Pero, ¿qué pasa cuando alguien quiere salirse de este paraguas, creando un desafío al monopolio de la violencia? Entonces, el Estado deja de ser neutral (no está en su lógica serlo si se le amenaza). La fuerza vuelve a estar en juego. Sin embargo, se produce aquí un desajuste entre la realidad y las expectativas de quienes participan de ella, que en su mayoría siguen esperando que la política se mueva dentro de parámetros dialécticos. La sombra de la fuerza genera incomodidad entre muchos, lo cual supone una oportunidad para otros.

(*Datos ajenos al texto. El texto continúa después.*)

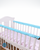 Cotton Crib Bumper 2-Piece  2 pcs/set Plain Color Thickened Baby Bedside Protective Bar Anti-collision Barrier Cover For Infant Protection Strip Cot Covers Bumpers in Trending Blue
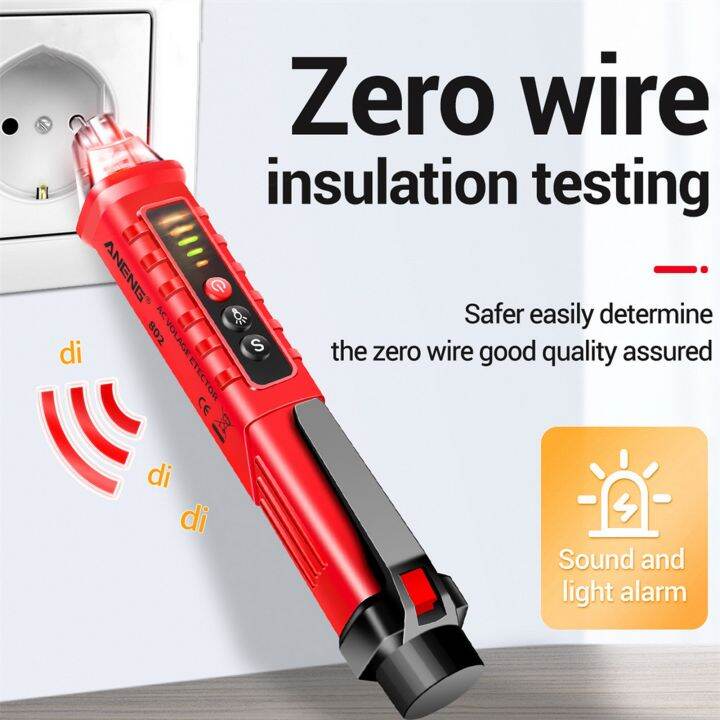farfi-เครื่องทดสอบแรงดันไฟฟ้าไฟฟ้า12-1000v-ปรับความไวปากกาทดสอบได้1ชุด-ปรับเสียงได้มีไฟสัญญาณเตือน
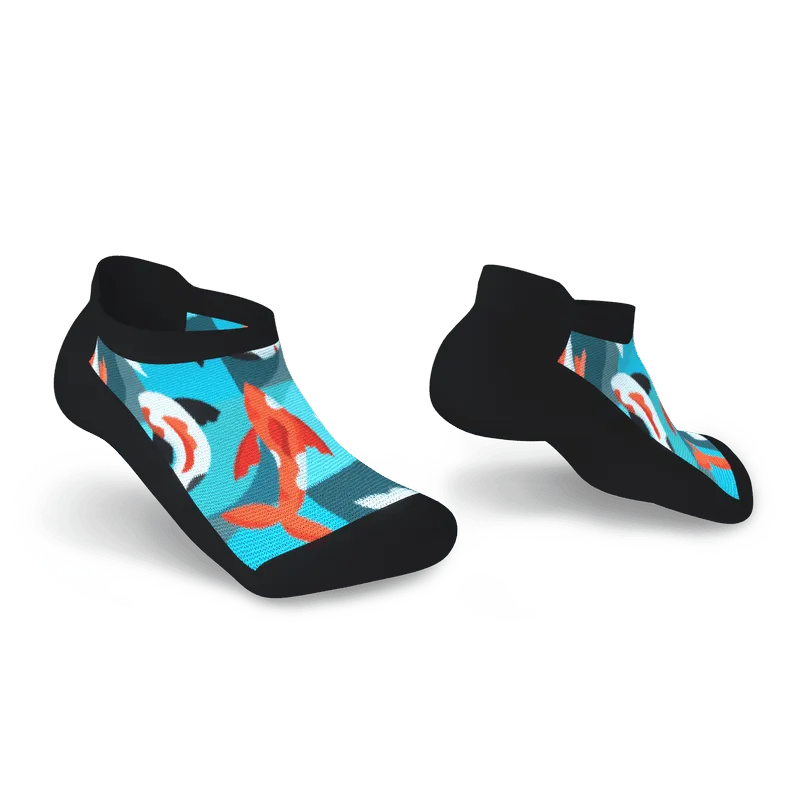 Koi Kaleidoscope Diabetic Ankle Socks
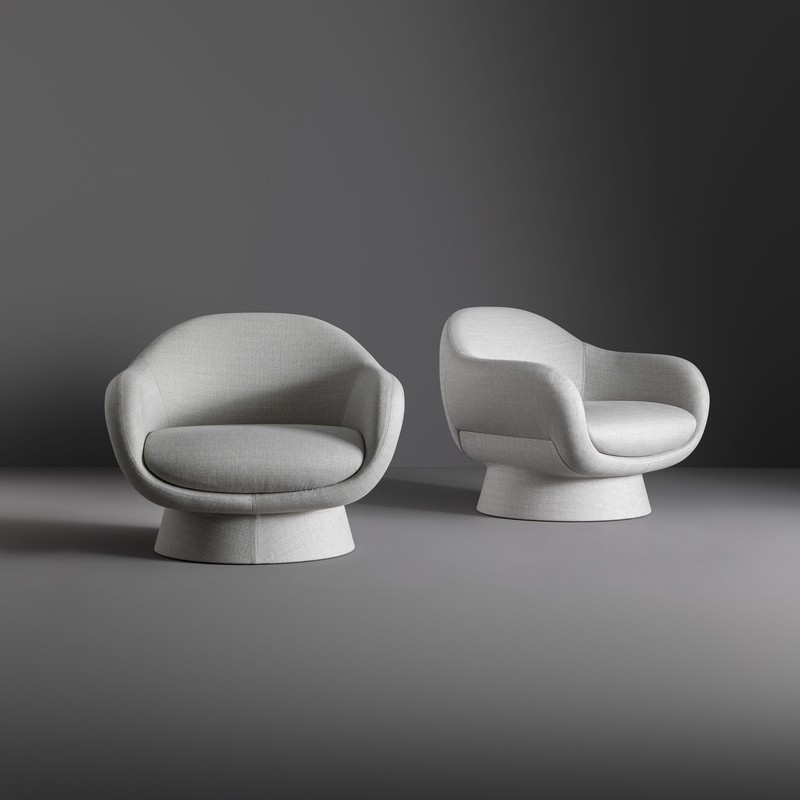 Sillón Boolean Armchair Bonaldo Base Tapizada o de Cuero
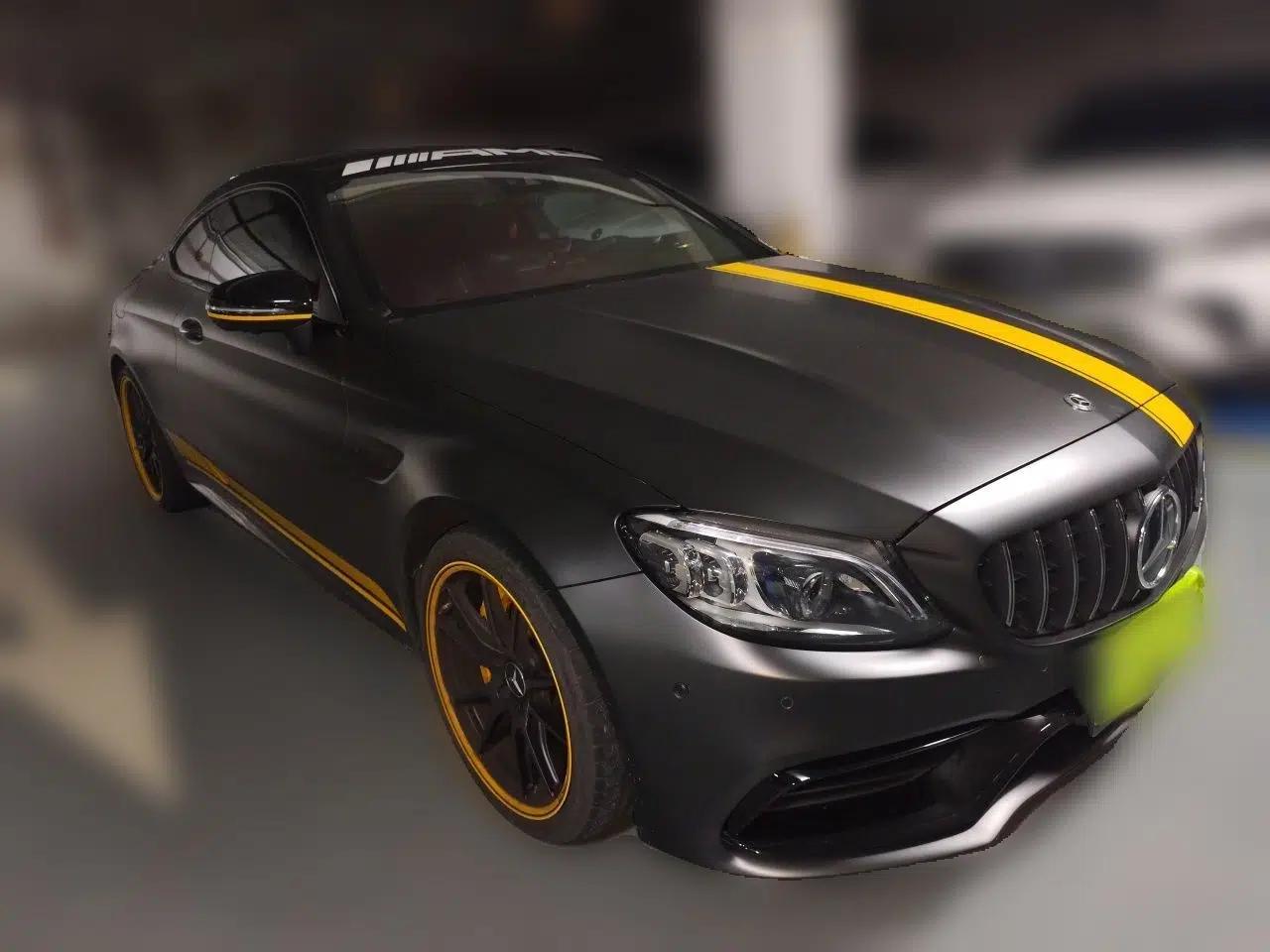 Mercedes-Benz C-Class AMG 2021 AMG C 63 Coupe Night Edition — миниатюра 3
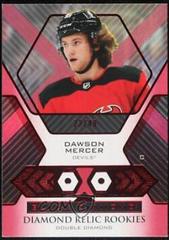 Dawson Mercer [Ruby Double] #BDR-DM Hockey Cards 2021 Upper Deck Black Diamond Rookie Relic Prices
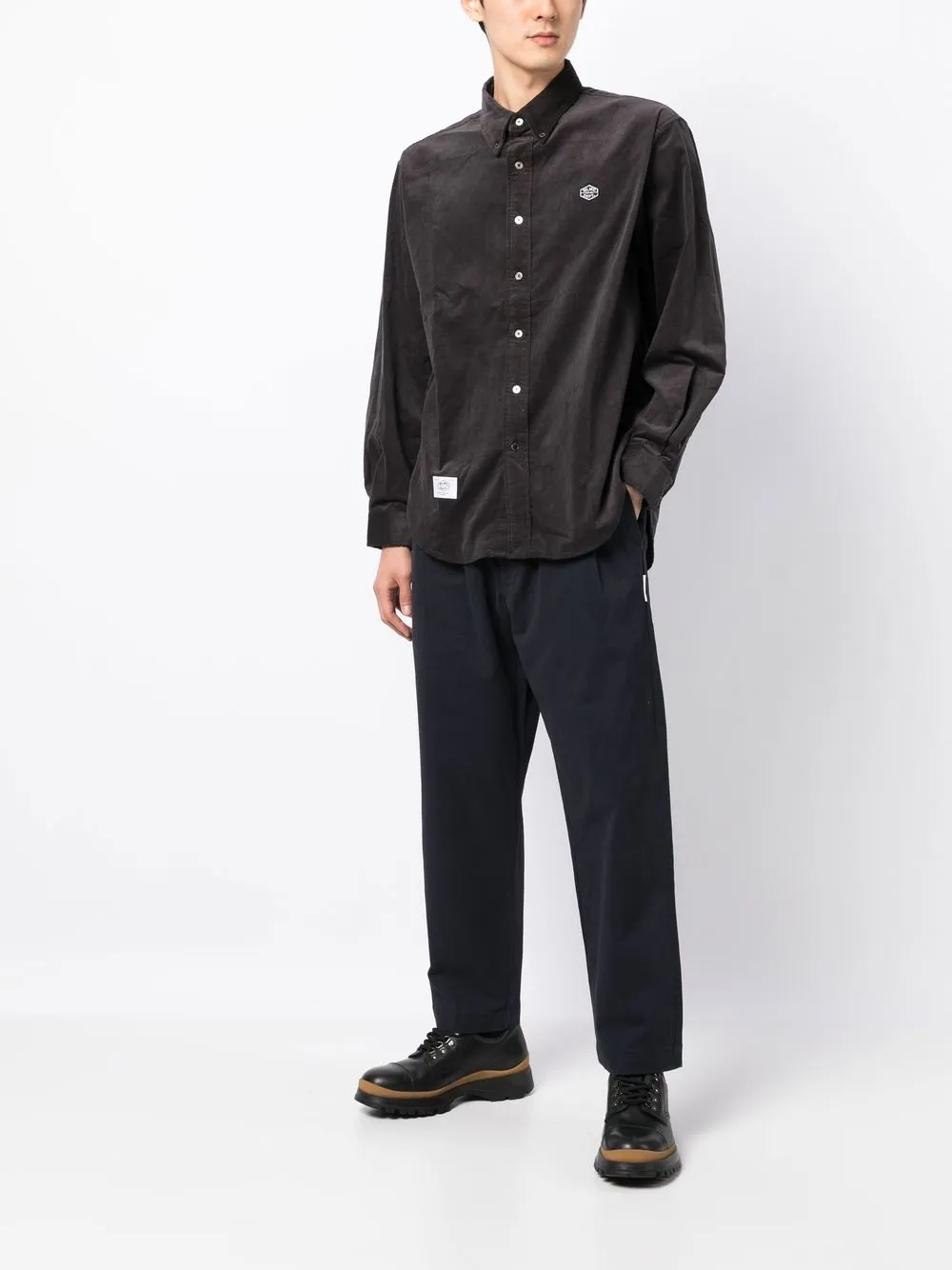CHOCOOLATE Straight broek - Blauw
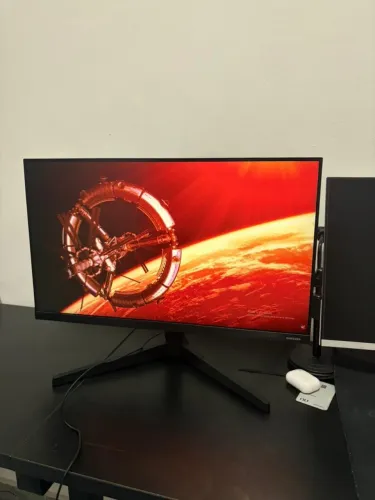 Monitor Gamer Samsung 24" FHD 75Hz HDMI VGA Freesync Preto Série T350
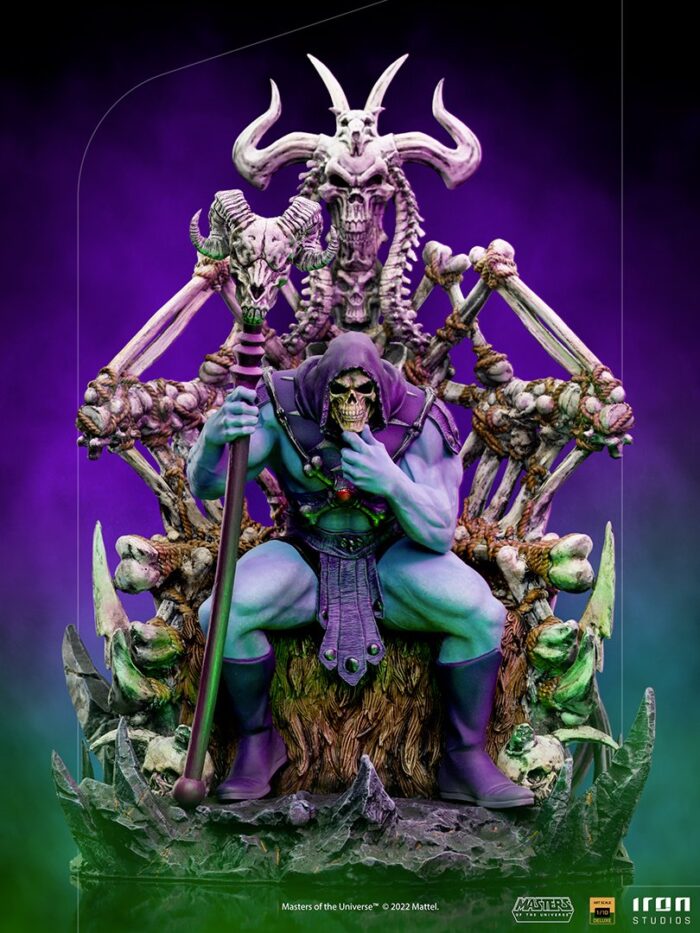 Black 12 – Masters of The Universe - Skeletor on Throne DELUXE 1/10 Iron Studios Statue PRE ORDER – Cosmic Comics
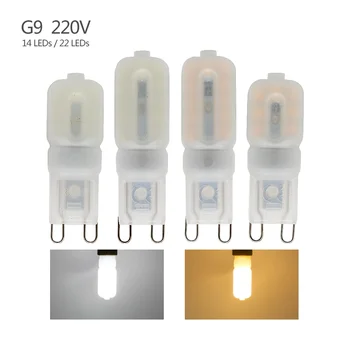 5 uds G9 LED 2W 3W bombilla AC 220V lámpara SMD2835 para foco iluminación de araña reemplazar 20w 30w lámpara halógena blanco cálido/frío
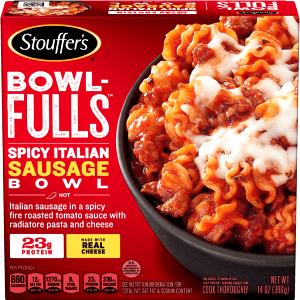 1 bowl (396 g) Bowl-Fulls Spicy Italian Sausage Bowl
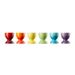 Eierdopjes Rainbow Set van 6 in Aardewerk 6cm 0,04l 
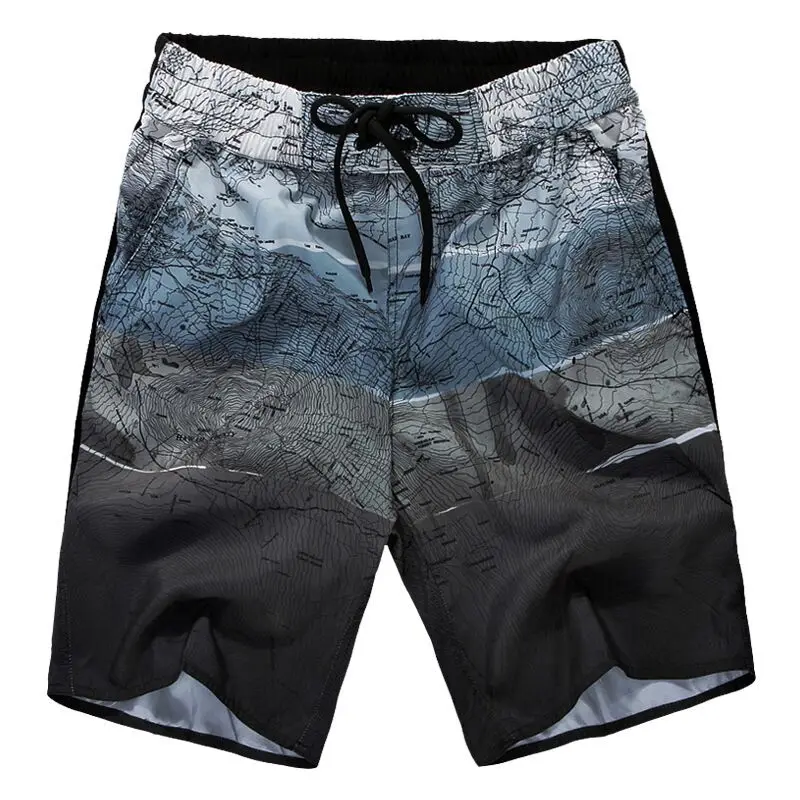 New Quick Dry Summer Mens Print Loose Beach Board Shorts Surf Siwmwear ...
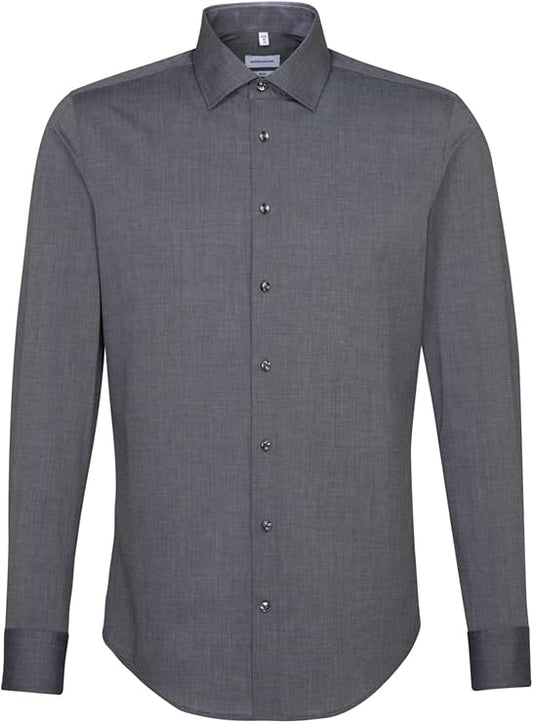 seidensticker Seidensticker Herren Slim Fit Herren Business Hemd - Größe 40 - Grau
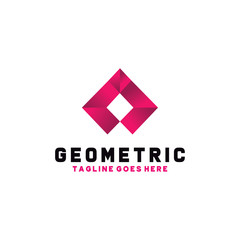Crystal logo design vector template with gradient color Concept style. gem Symbol and geometric icon for Web, gemstone, shop, jewelry, finance, Company And Business.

La oportunidad llega para aquellos que, sin estar dispuestos a llegar al límite, sí deciden explotar el rechazo que la mayoría siente con la vuelta de la fuerza a la arena política. Lo hacen afirmando que en un Estado democrático los conflictos “se resuelven con más democracia, no con la coerción”.
Pero esta es una falsa elección. El verdadero dilema es que sin la amenaza velada de la fuerza no hay democracia auténtica, pero sin democracia que la embride la fuerza se desboca. ¿Por qué estamos más dispuestos a vivir bajo democracia sin coerción que bajo coerción sin democracia, si ninguna funciona adecuadamente sin la otra? Al final, en la primera situación cualquier grupo lo suficientemente organizado y decidido podría hacer libre uso de la fuerza. Exactamente igual que en la segunda.
Este equilibrio, difícil de conseguir, solo tiene lugar cuando el Estado se mantiene neutral, y no cuestionado. Hasta ahora, hemos podido ignorar el dilema precisamente porque nos encontrábamos dentro de dicho equilibrio. Pero ahora que el Estado está en cuestión, estamos forcejeando en el borde de un precipicio. Y corremos el peligro de despeñarnos.